• Task details:
Among the records below, find the line with "第一章名词（思维导图+知识梳" and the line with "索引區(qū)域關鍵詞.jpg". Set down both and every line between, exactly and with no pictures, but nothing else.

• Short web captions:
=-=-=

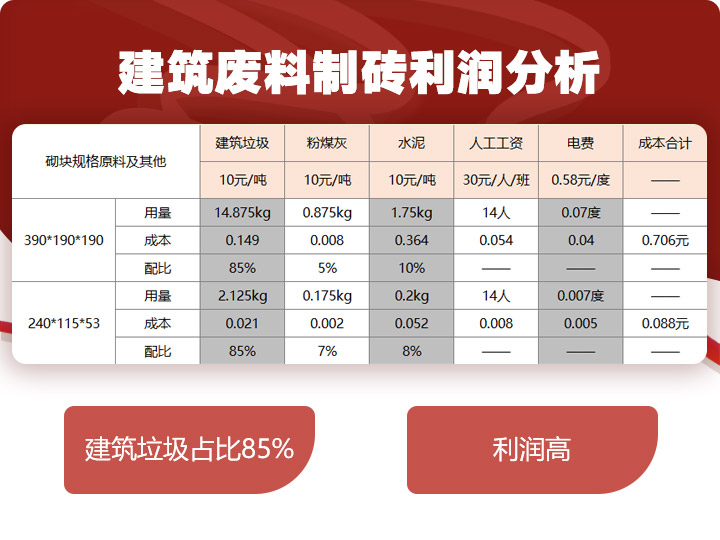 建筑垃圾能做砖吗？日产1000-2000吨建筑垃圾破碎机来实现（附价格）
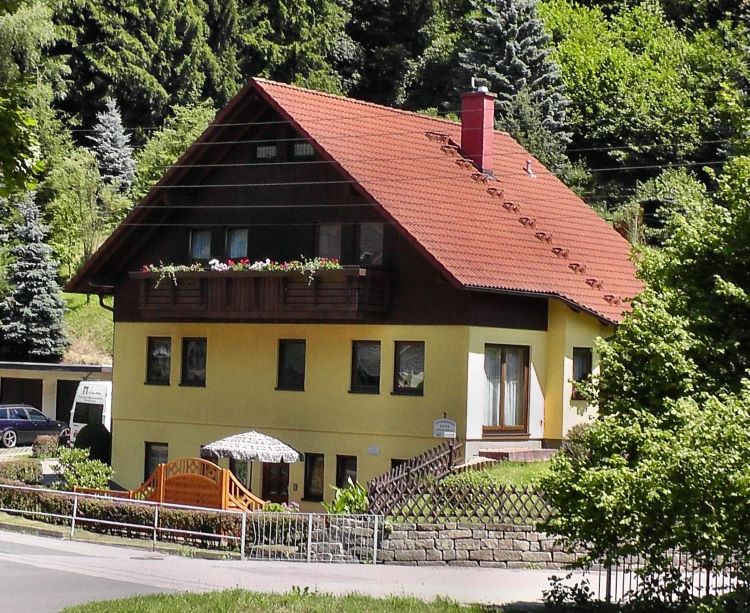 Userimage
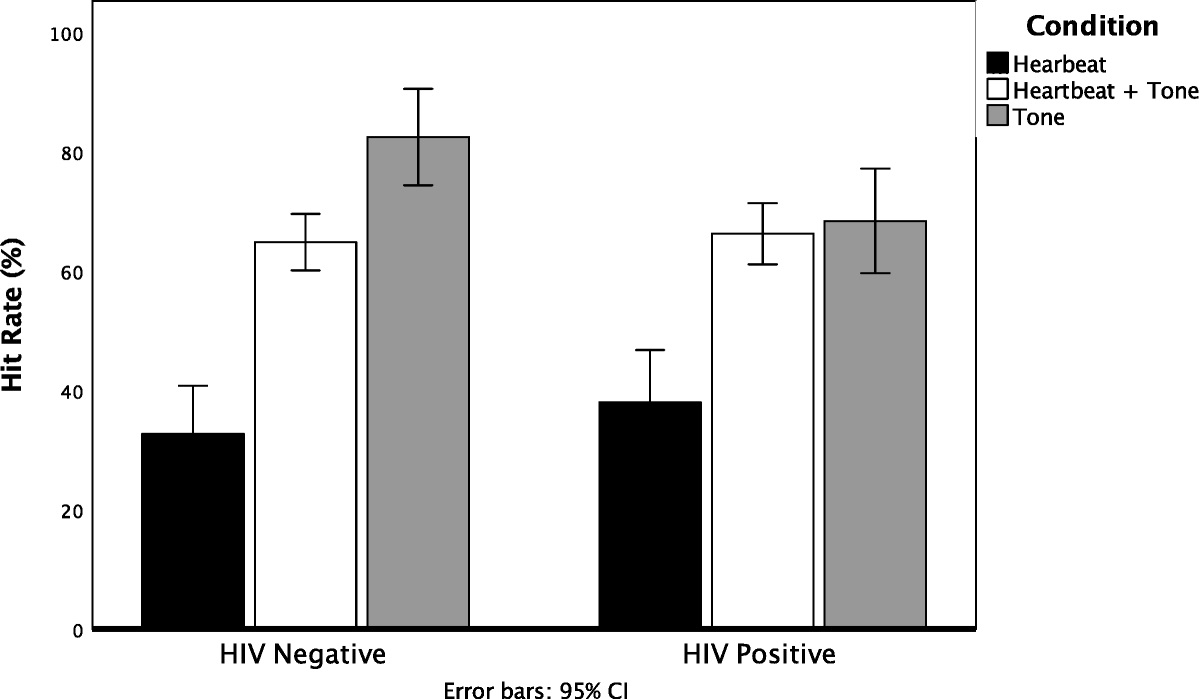 Anterior Insula Activation During Cardiac Interoception Relates to Depressive Symptom Severity in HIV-Positive and HIV-Negative Postmenopausal Women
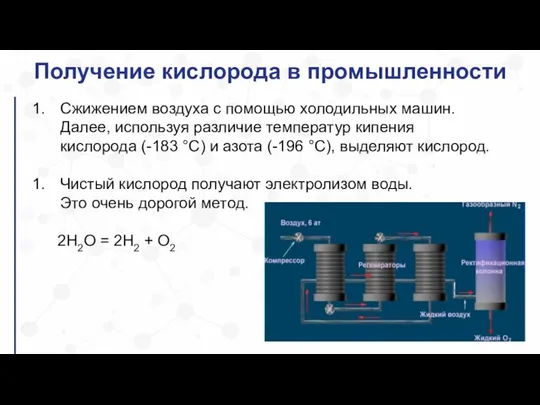 Получение кислорода в промышленности Сжижением воздуха с помощью холодильных машин. Далее, используя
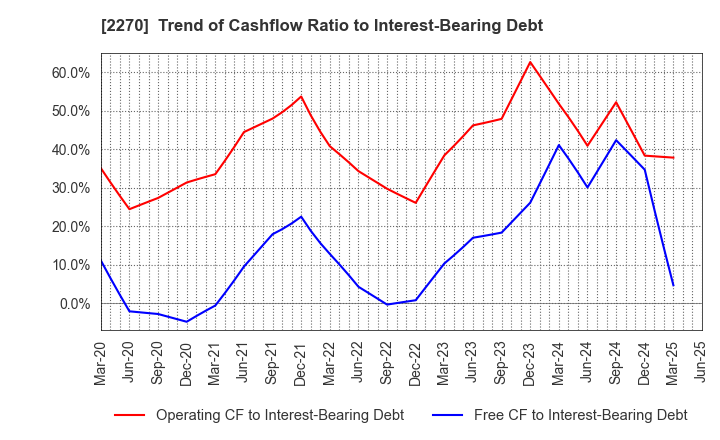 2270 MEGMILK SNOW BRAND Co.,Ltd.: Trend of Cashflow Ratio to Interest-Bearing Debt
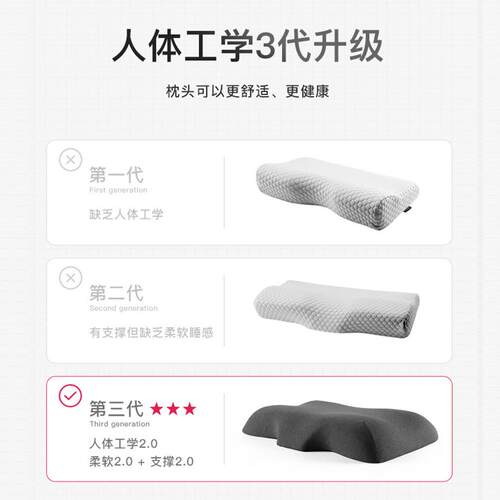 202人6升级新款透记忆棉枕芯纯年色简约单猫肚云上枕枕头柔软气枕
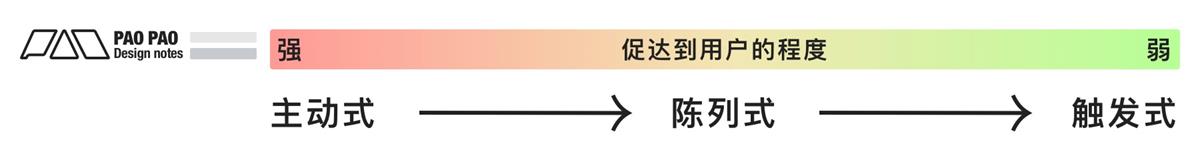 万字长文！超全面的行为设计指南-第24张图片-快备云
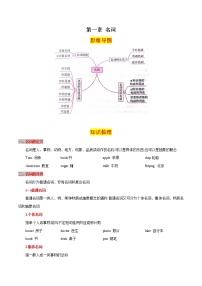 第一章名词（思维导图+知识梳理+好题精炼）2022-2023初中英语中考语法归纳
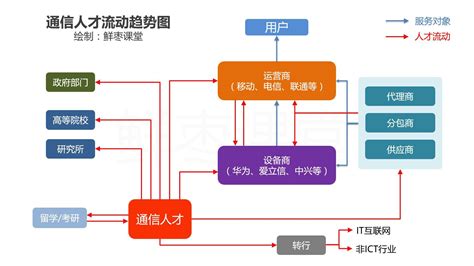 软件工程就业方向及前景(软件工程就业方向及前景如何选择)缩略图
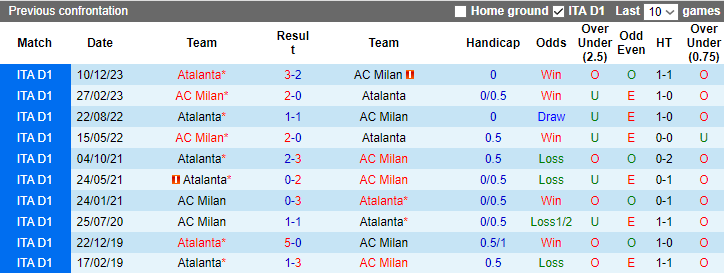 Nhận định dự đoán AC Milan vs Atalanta, lúc 3h00 ngày 11/1/2024 - Ảnh 3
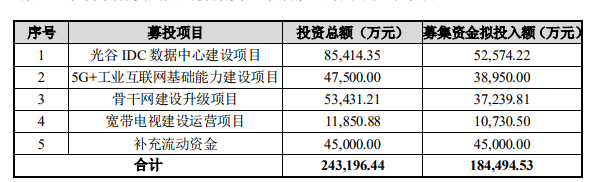 湖北广电拟定增募资不超18.45亿元，6%用于宽带电视项目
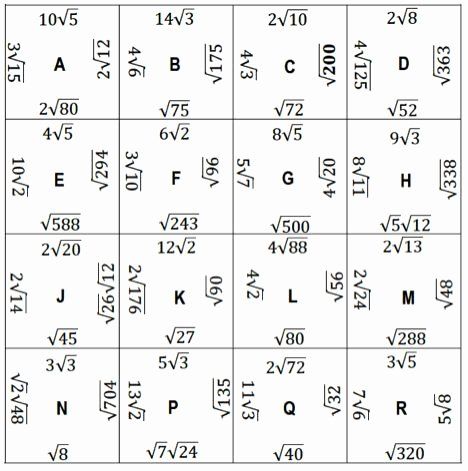 Simplifying Radical Expressions Worksheet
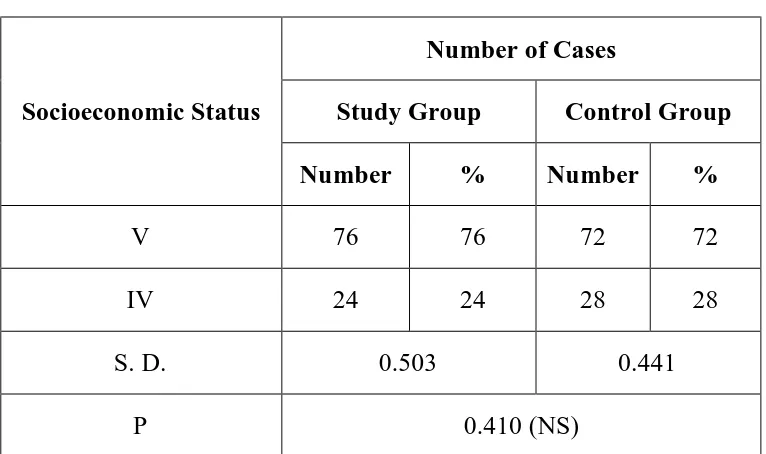 TABLE – 2 SOCIOECONOMIC STATUS 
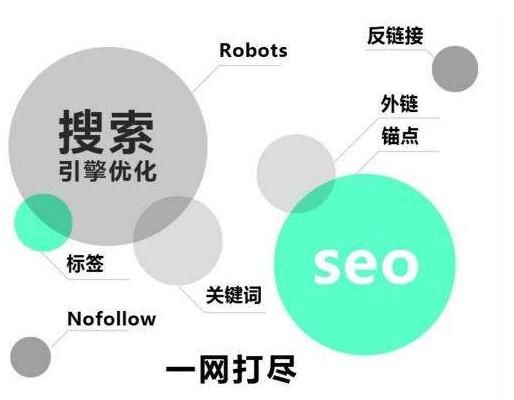 索引區(qū)域關鍵詞.jpg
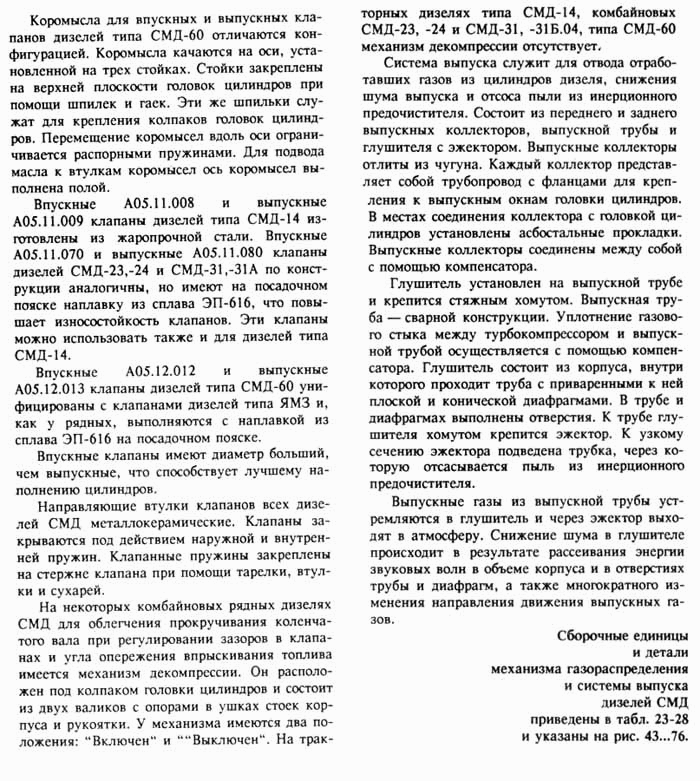 Механизм газораспределения и системы впуска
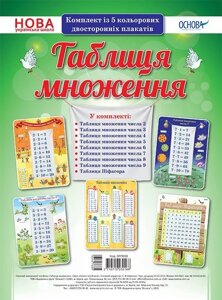 Наочні посібники Таблиця множення Комплект плакатів (до зошита Життєві навички)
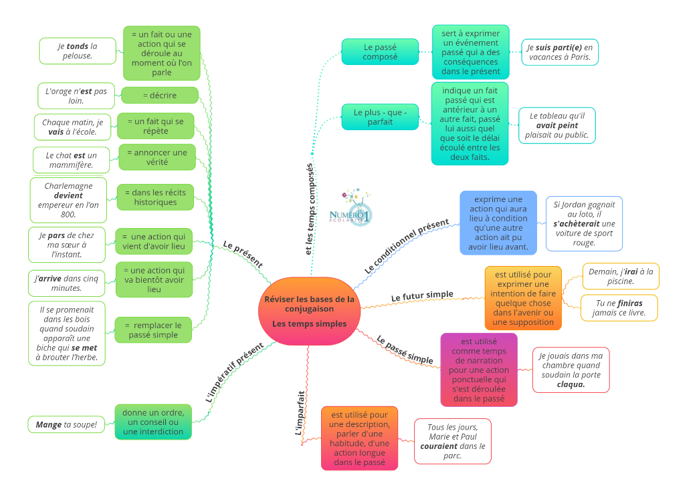 Pdf rapidement se pour marier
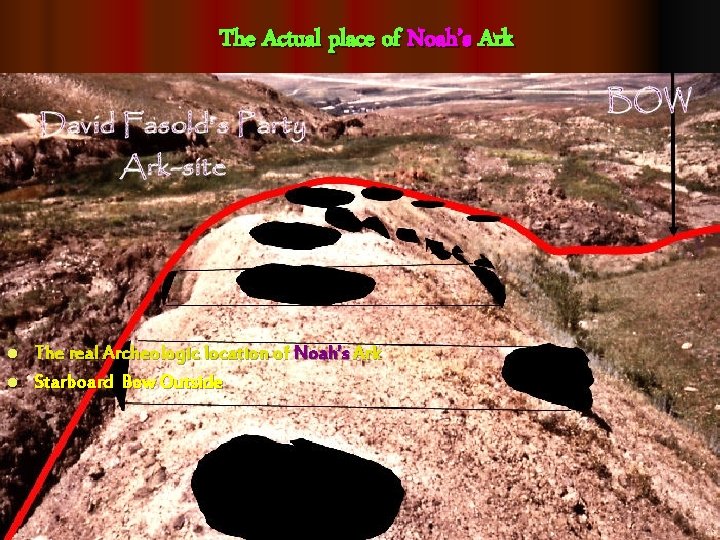 The Actual place of Noah’s Ark The real Archeologic location of Noah’s Ark l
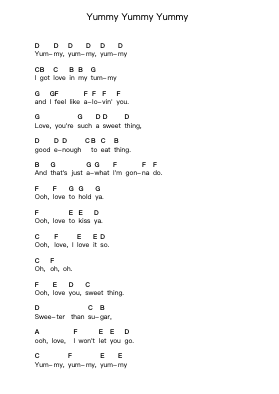 Yummy Yummy Yummy Piano letter notes by Ohio Express - Arr.Churwalsh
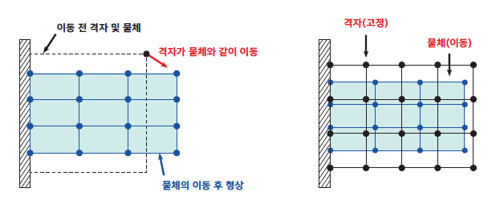 Lagrange 및 Euler 격자망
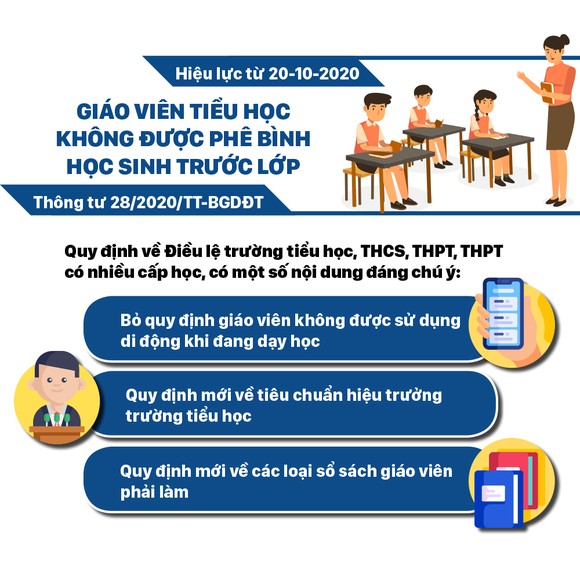 Những chính sách có hiệu lực từ tháng 10-2020 ảnh 7
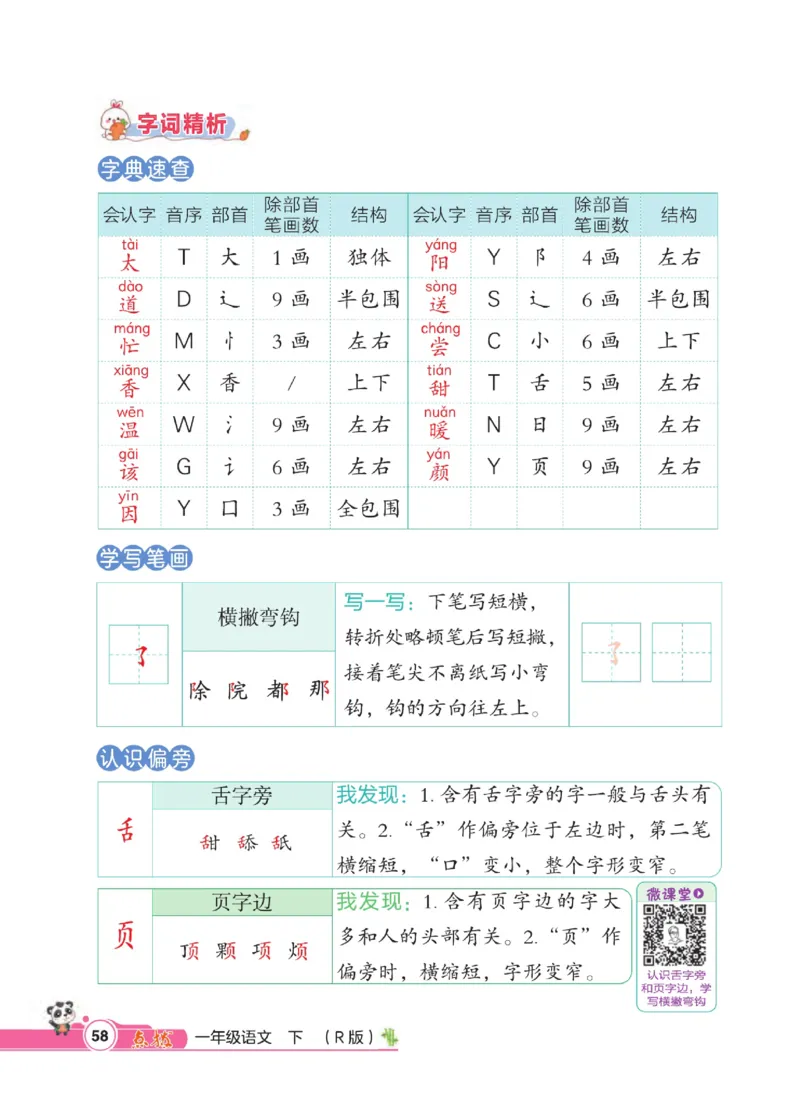 《点拨》23春语文1年级下册（RJ）_一年级上下册资料_小学一年级学习资料-25年更新版_1-02、小学一年级语文下册_3-6-2-2、练习题、作业、专项、试卷_部编（人教）版_电子册类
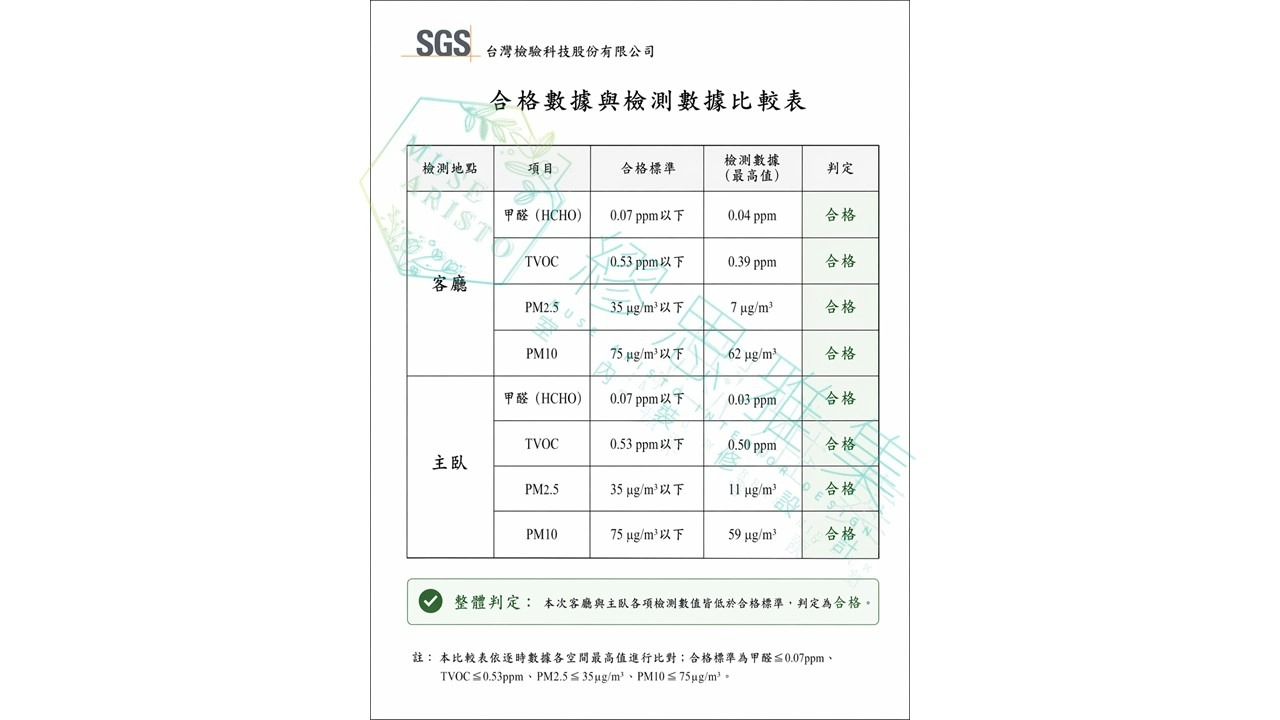 合格數據與檢測數據比較表，說明健康裝修的成果可被量化驗證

=-=-=

• Task output:
 第一章名词（思维导图+知识梳理+好题精炼）2022-2023初中英语中考语法归纳
 软件工程就业方向及前景(软件工程就业方向及前景如何选择)缩略图
 Nhận định dự đoán AC Milan vs Atalanta, lúc 3h00 ngày 11/1/2024 - Ảnh 3
 湖北广电拟定增募资不超18.45亿元，6%用于宽带电视项目
 Simplifying Radical Expressions Worksheet
 TABLE – 2 SOCIOECONOMIC STATUS 
 索引區(qū)域關鍵詞.jpg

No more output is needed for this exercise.